(What needs to be done): Would you write out the entries below word for word, omitting the pictures?

(Material for this task):
╔══

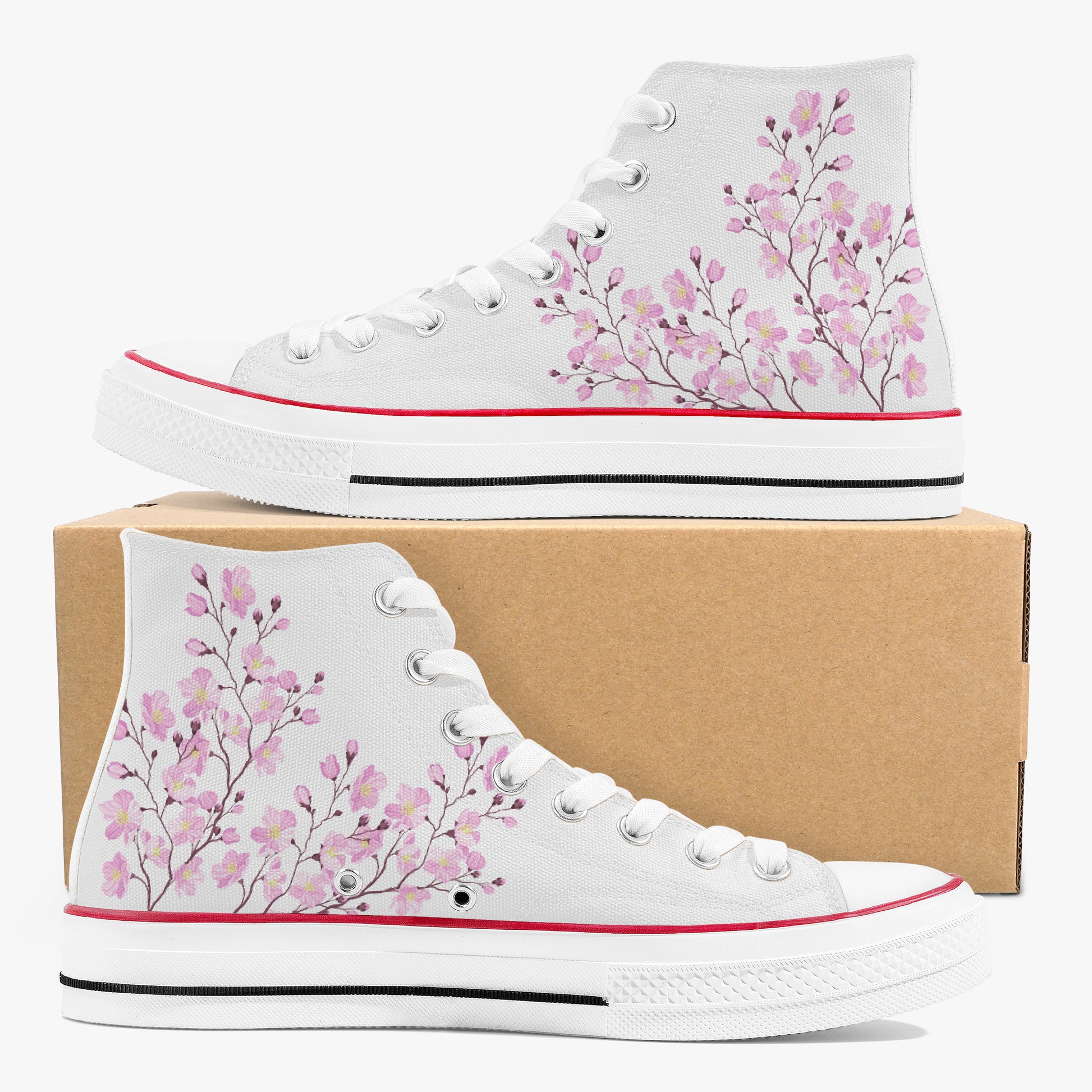 White high-top sneakers with pink floral design on a white background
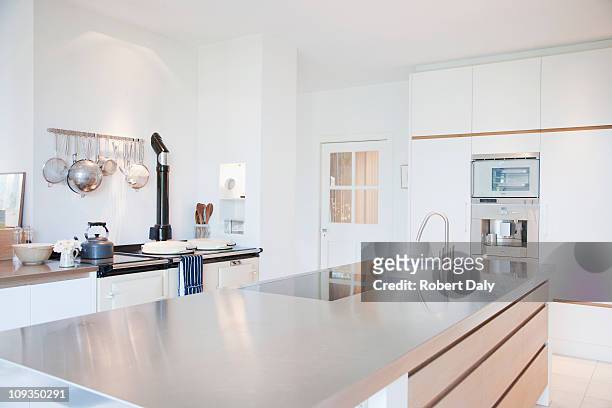modern kitchen with stainless steel counters - kitchen stockfoto's en -beelden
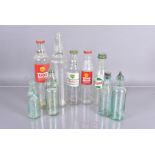 A collection of Motor Oil glass bottles, including Shell X-100, BP Energol, Castrol, Esso Lube and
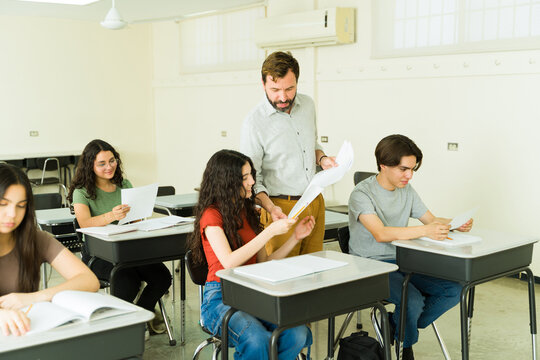 Teacher helping high school student with exam in classroom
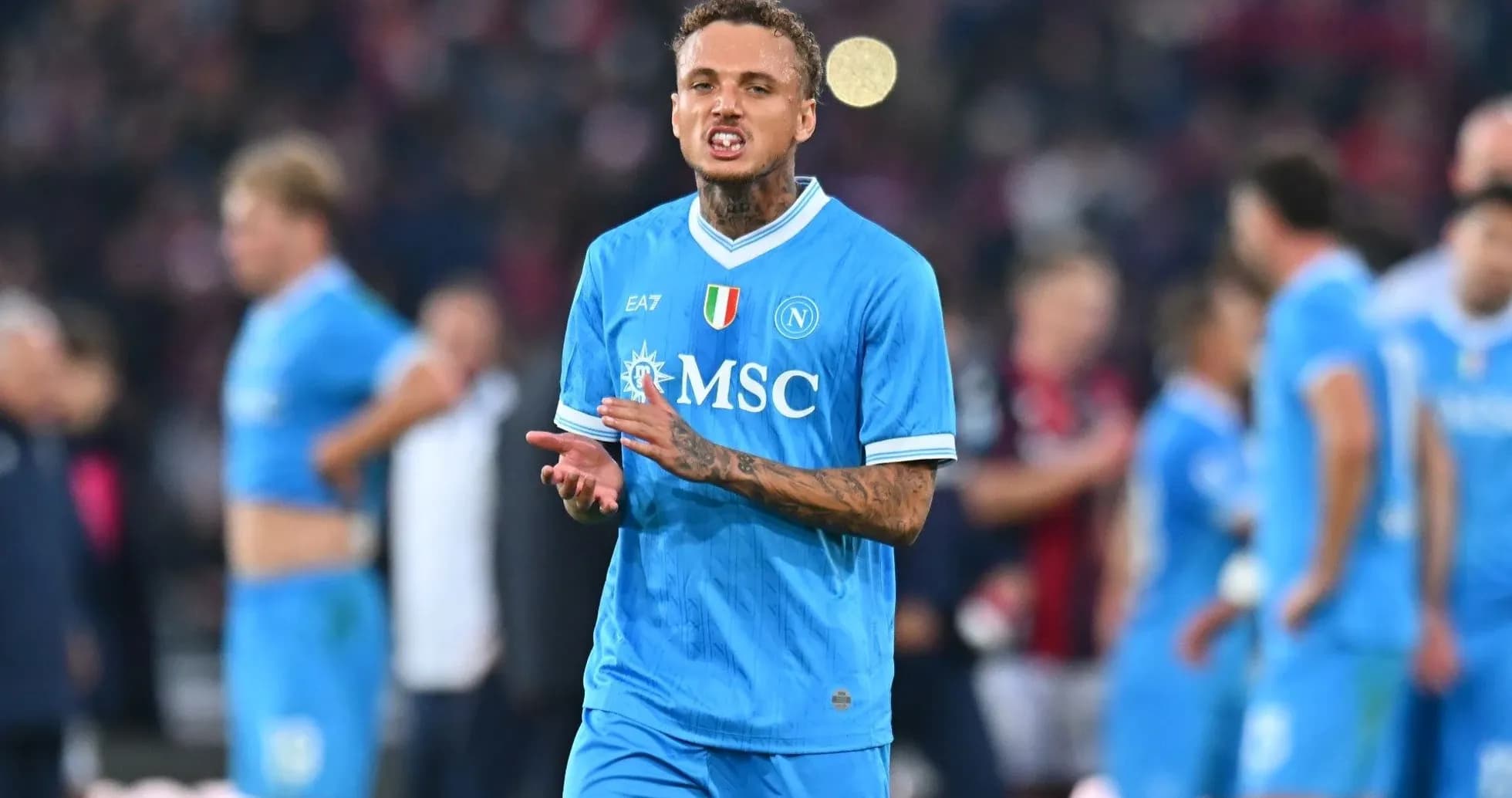 Player gesturing during match with teammates in background Player gesturing during match with teammates in background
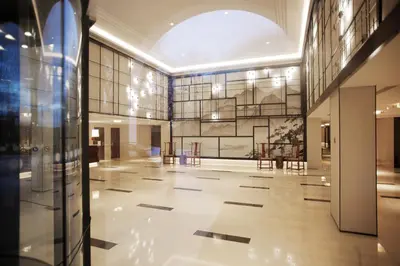 a large lobby with a large glass wall at Tangla Hotel Brussels in Brussels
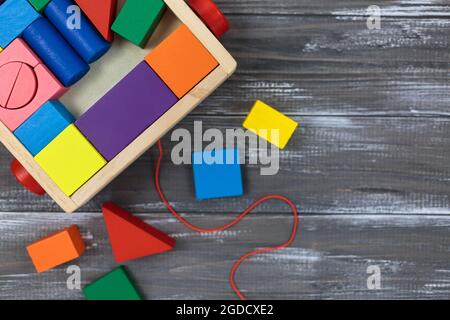 Grande e colorato kit da costruzione in legno su un legno. Ritorno a scuola, giochi per asilo, istruzione prescolare. Foto Stock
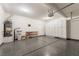 Spacious garage featuring epoxy flooring, ample storage cabinets and a water filtration system at 5568 Table Top Ln, Las Vegas, NV 89135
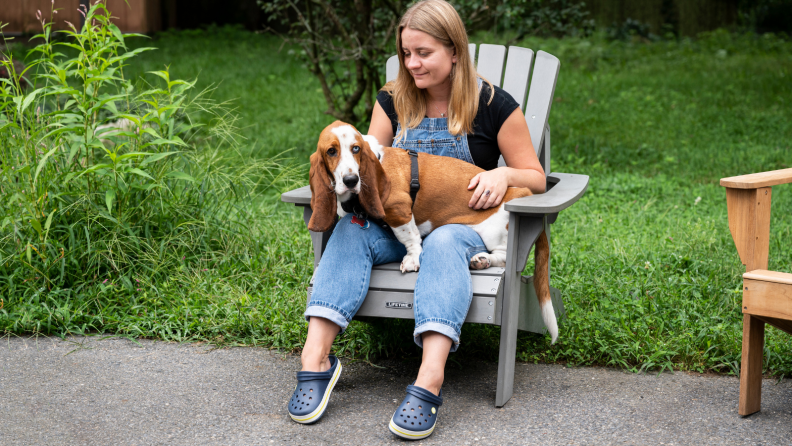 Woman sits with a dog in an adirondack chair.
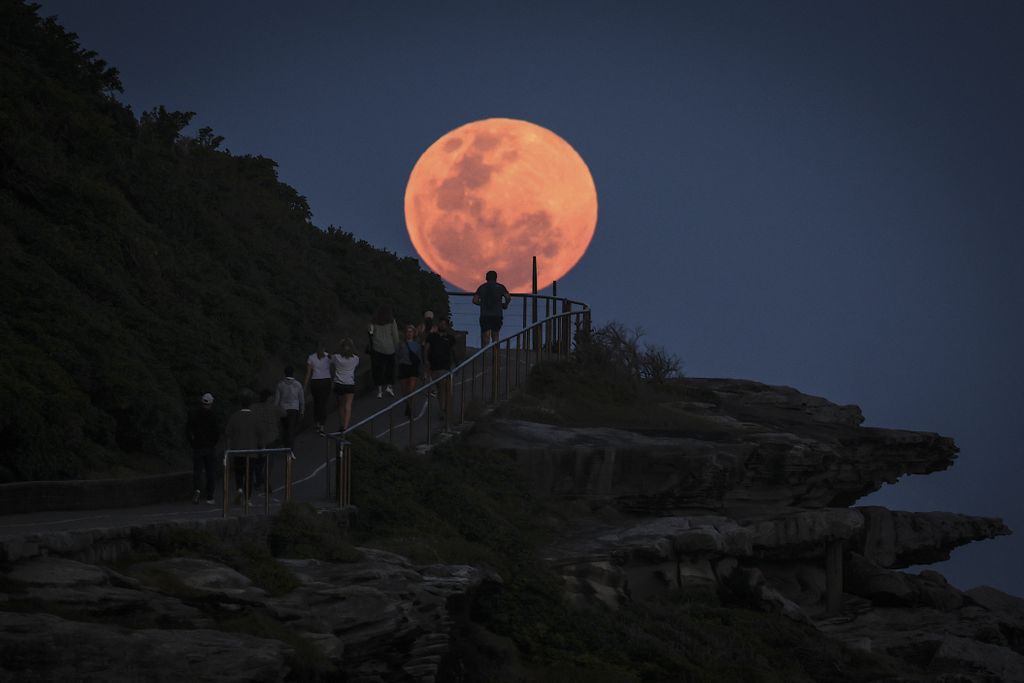 a supermoon rises and appears orange in front of a hillside near the coast, its light silhouetting a person climbing a staircase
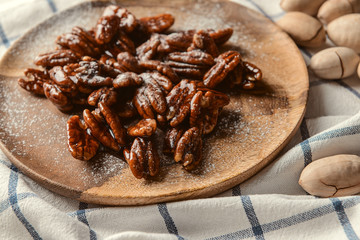 Plate with candied pecan nuts on table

╚══

(Answer space):
 White high-top sneakers with pink floral design on a white background
modern kitchen with stainless steel counters - kitchen stockfoto's en -beelden
 A collection of Motor Oil glass bottles, including Shell X-100, BP Energol, Castrol, Esso Lube and
 Teacher helping high school student with exam in classroom
 Player gesturing during match with teammates in background Player gesturing during match with teammates in background
 a large lobby with a large glass wall at Tangla Hotel Brussels in Brussels
 Grande e colorato kit da costruzione in legno su un legno. Ritorno a scuola, giochi per asilo, istruzione prescolare. Foto Stock
 Spacious garage featuring epoxy flooring, ample storage cabinets and a water filtration system at 5568 Table Top Ln, Las Vegas, NV 89135
 Woman sits with a dog in an adirondack chair.
 a supermoon rises and appears orange in front of a hillside near the coast, its light silhouetting a person climbing a staircase
 Plate with candied pecan nuts on table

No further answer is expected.